Lead is a potent neurotoxin that impairs how children learn, grow, and behave. Even low levels of exposure have been linked to lower IQ, hyperactivity, and damage to children’s central and peripheral nervous systems. Kids are especially vulnerable to absorbing this toxin. The bottom line: there is no safe level of lead, especially for our children.
Unfortunately, there are many ways kids can come in contact with lead. You might immediately think of lead paint, which was commonly found in homes until it was banned in 1978. Or you might think of lead particles in dust, or in the dirt our children play in.
Yet in the wake of Flint, we’re now all too aware that this dangerous toxin was used to construct another cornerstone of our lives: our private water delivery systems. Now we’re facing the repercussions, as this toxic threat infiltrates the water of communities across the nation.
Lead has even been found in Montana schools, flowing from faucets and fountains our children drink from every day. Our research found that over three-quarters of the school water samples taken in the past ten years contain lead.
In all likelihood, these confirmed cases are just the tip of the iceberg. Most schools have at least some lead in their pipes, plumbing, or fixtures. And where there is lead, there is a risk of contamination. So maybe that bubbler outside your 3rd grader’s classroom tested clean last week. But who knows what the water would look like if they tested it again today?
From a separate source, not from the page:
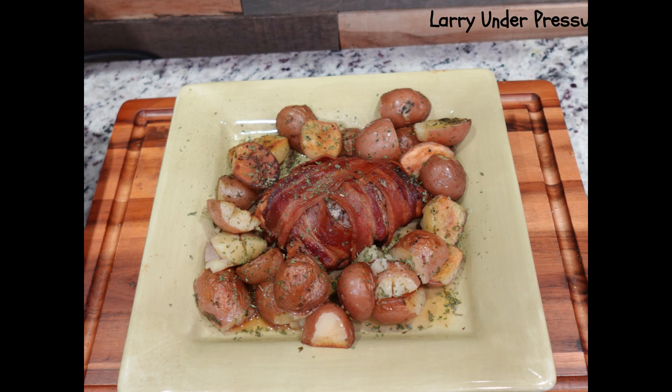Welcome to the channel. In this session, Larry will be preparing bacon-wrapped turkey tenderloin and roasted potatoes in the incredible Ninja Speedy. The Speedy is a remarkable device that never fails to deliver, and this will be no exception. Let's go to Larry and get the video started.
The corrosion of lead pipes and fixtures is inconsistent, meaning that a tap that tests clean today might spew out a big slug of lead tomorrow.
How do we address this widespread threat? The answer is simple. We must shift the paradigm from reactive to proactive.
Instead of waiting for tests to confirm that our children have been drinking lead, we can start by immediately installing filters certified to remove lead on every faucet and fountain used for drinking or cooking in schools across the commonwealth. And because there is risk wherever there is lead, we’ll also need to “get the lead out” by replacing the lead pipes, solder and fixtures that cause the contamination in the first place.
And finally, because even low levels of lead can irreversibly damage children’s health, schools must shut off taps where lead in water exceeds one part per billion, as recommended by the American Academy of Pediatrics. This health-based standard stands in contrast with the current ”action level” of 15 ppb, which was designed by EPA to trigger system-wide action by water utilities, not to guarantee safe water for children at every tap.
So as we mark the end of National Lead Poisoning Prevention Week, now would be an excellent time for our current and aspiring elected officials to declare their commitment to “get the lead out” of drinking water at our schools. Our children can’t wait any longer.